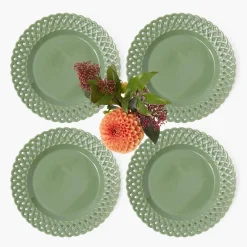 Starter Plates | Crockery Sets<Mrs. Alice Sage Basketweave Starter Plates (Set of 4)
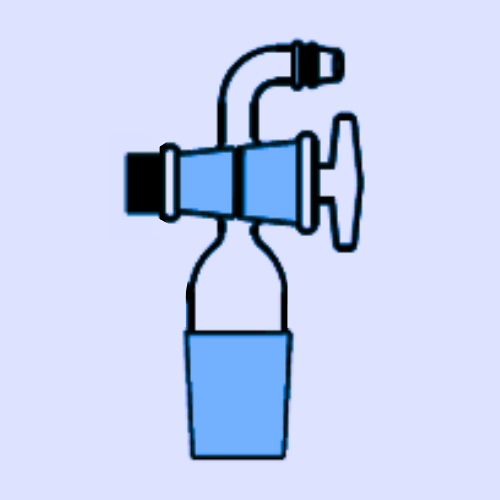 ADAPTERS, CONE TO RUBBER TUBING, RIGHT ANGLE CONNECTION (With Glass Stopcock)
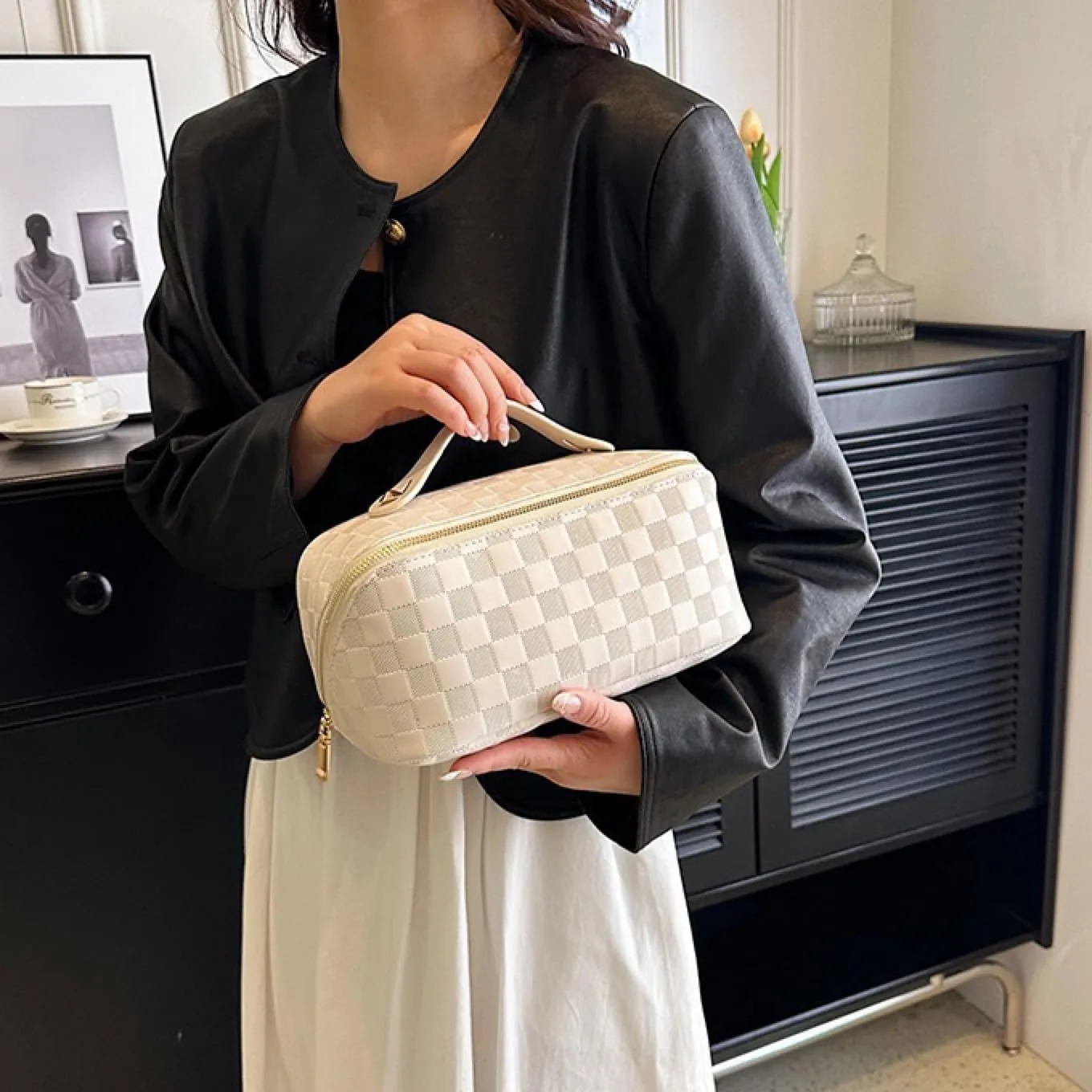 Large Capacity Checkered Makeup Bags Portable Travel Cosmetic Bags Open-Flat Toiletry Waterproof Bag for Women Make up Organizer with Divider and Handle Pouch Zipper Bag (A-White)
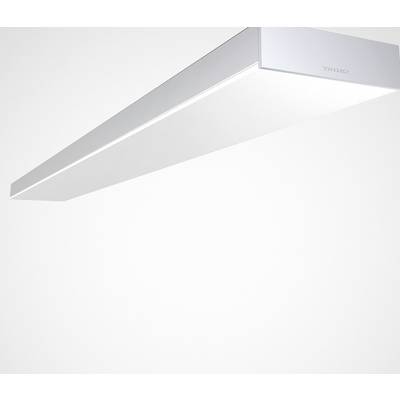 Ein rechteckiges, modernes LED-Paneel, das von der Decke hängt. Das Design ist minimalistisch und elegant in einem weißen Farbton.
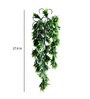 Green Plastic Artificial Pointy Leaf Vine With Metal Wall Stand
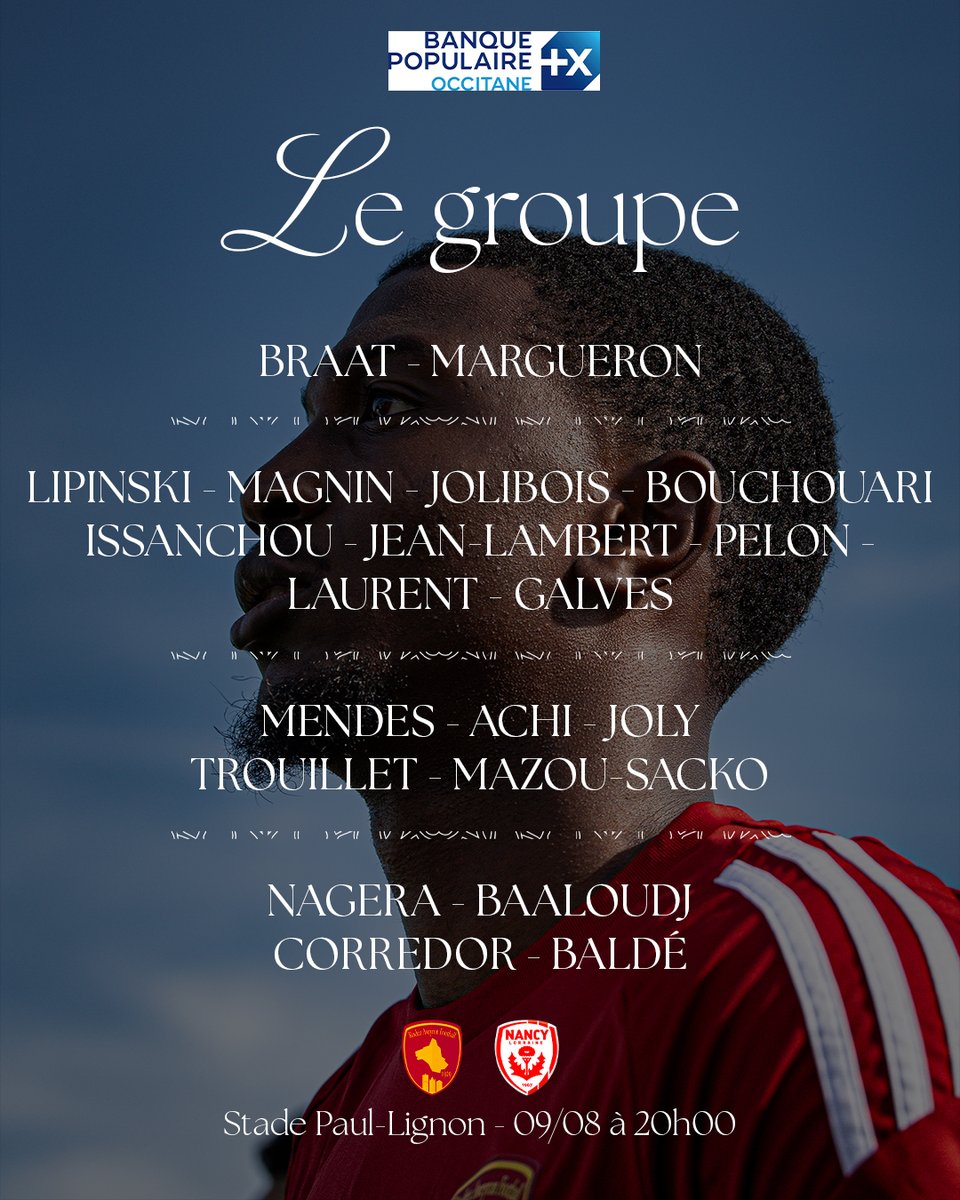 Voici les 𝟐𝟎 𝐑𝐮𝐭𝐡𝐞́𝐧𝐨𝐢𝐬 retenus pour ce premier match de championnat, présentés par la Banque Populaire Occitane 👊

➡️ Choix du coach : Crombez - Vangi
➡️ Blessés : Ponti -  Younoussa - Tebily

Le match sera à suivre en live tweet, sur l'application RAF, et en direct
:::::
=== WORK ORDER ===
The lines from the start of the records above through the line that holds "Large Capacity Checkered" are to be copied exactly, both ends included, and no pictures are to be copied.

=== WRITTEN RESPONSE ===
 Starter Plates | Crockery Sets<Mrs. Alice Sage Basketweave Starter Plates (Set of 4)
 ADAPTERS, CONE TO RUBBER TUBING, RIGHT ANGLE CONNECTION (With Glass Stopcock)
 Large Capacity Checkered Makeup Bags Portable Travel Cosmetic Bags Open-Flat Toiletry Waterproof Bag for Women Make up Organizer with Divider and Handle Pouch Zipper Bag (A-White)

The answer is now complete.